09 September 2025

The Best Exotic Marigold Hotel

 


Review by Paul Towers, 8/9/25

The Best Exotic Marigold Hotel by Deborah Moggach

Directed by Lynn Moore

Produced by Leicester Drama Society

At The Little Theatre til Saturday 13th September 2025

This is a stage production of the beloved film and TV series by Deborah Moggach based on her novel These Foolish Things.

Taking inspiration from all the tales of ex-pats moving to the Costa Brava this takes it one stage further as a group of retirees up sticks and move to India. Their motivation is that it is warm and cheap.

Some just want to bask in the sun and wait for the inevitable end while others look upon it as a new adventure.

The Marigold Hotel is advertised as an exotic retirement home in Jaipur. In reality it is a run down hotel on the verge of both bankruptcy and collapse.

Heading up the cast is Alison Kisby as Evelyn, a shy, diffident widow who doesn’t know how to emerge from the shadow of her deceased husband.
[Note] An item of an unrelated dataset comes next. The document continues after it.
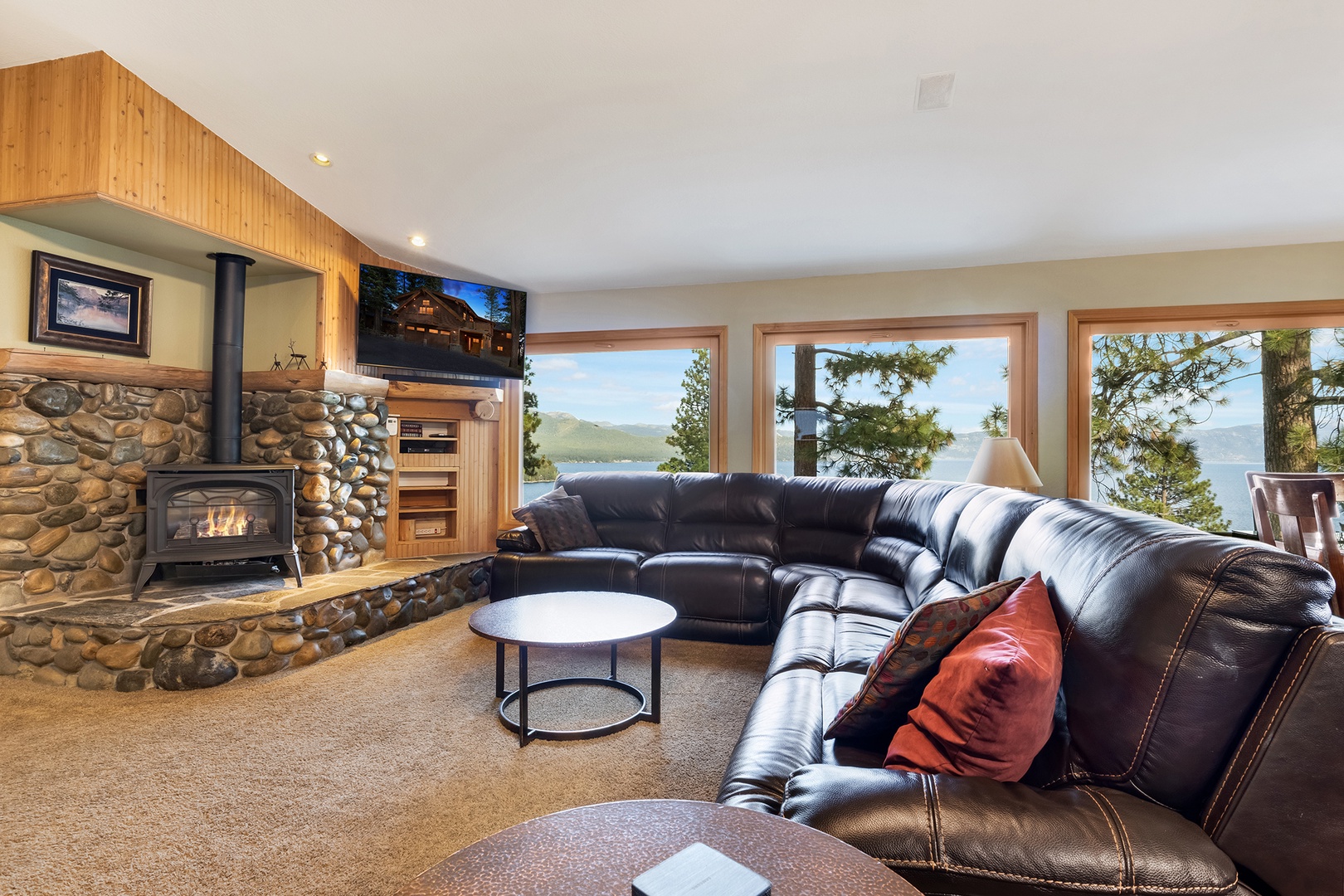 Bright living area with leather seating, and Smart TV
Alongside her is Helen  Gronhaug as serial divorcee Madge, a feisty blonde looking for a maharajah to whisk her off her feet and keep her in the manner to which she wants to be accustomed. Fellow travellers include Douglas (Richard Hill) and his overbearing wife Jean (Rachel Draper), retired cleaner Muriel (Trish Kenyon), opinionated Norman (Carolos Dandolo) and Dorothy (Katy Weaver) the only one of the group with an ulterior motive for ending up at The Marigold. Each have their own stories to tell, some happy, some sad but all thrown together in this exotic mix of cultures in a strange land.

The issue of arranged marriages is met head on with the conflicts between Sonny (Bhav Bhella) and his widowed mother Mrs Kapoor (Ketna Butron). Sonny spends a lot of the time trying to pluck up the courage to tell his mother he will marry for love to Sahani (Nisha Vegad).
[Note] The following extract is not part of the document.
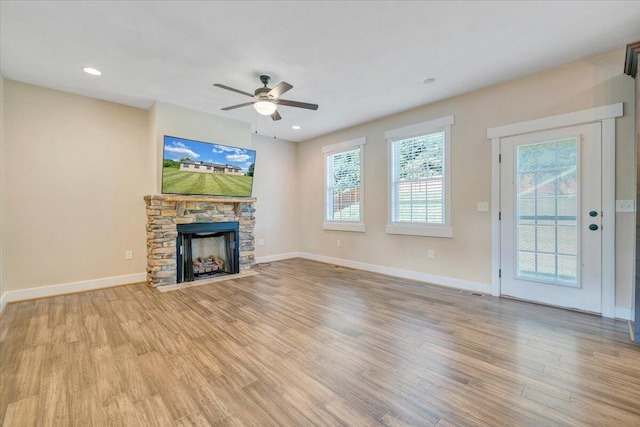 3141 Trinity Rd, Troutville, VA 24175 - unfurnished living room with light wood-style floors, a ceiling fan, a fireplace, and recessed lighting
Raj Brahmbhatt’s old factotum, Jimmy, leads the ensemble of Tejal Purohit, Nikhil Raja and Yasin Mohammed who play various roles

There are lots of laughs right from the start as well as pointed digs at colonialism, poverty, the caste system, old age and call centres! But at the heart of the story is how different people deal with loss and aging in their own ways.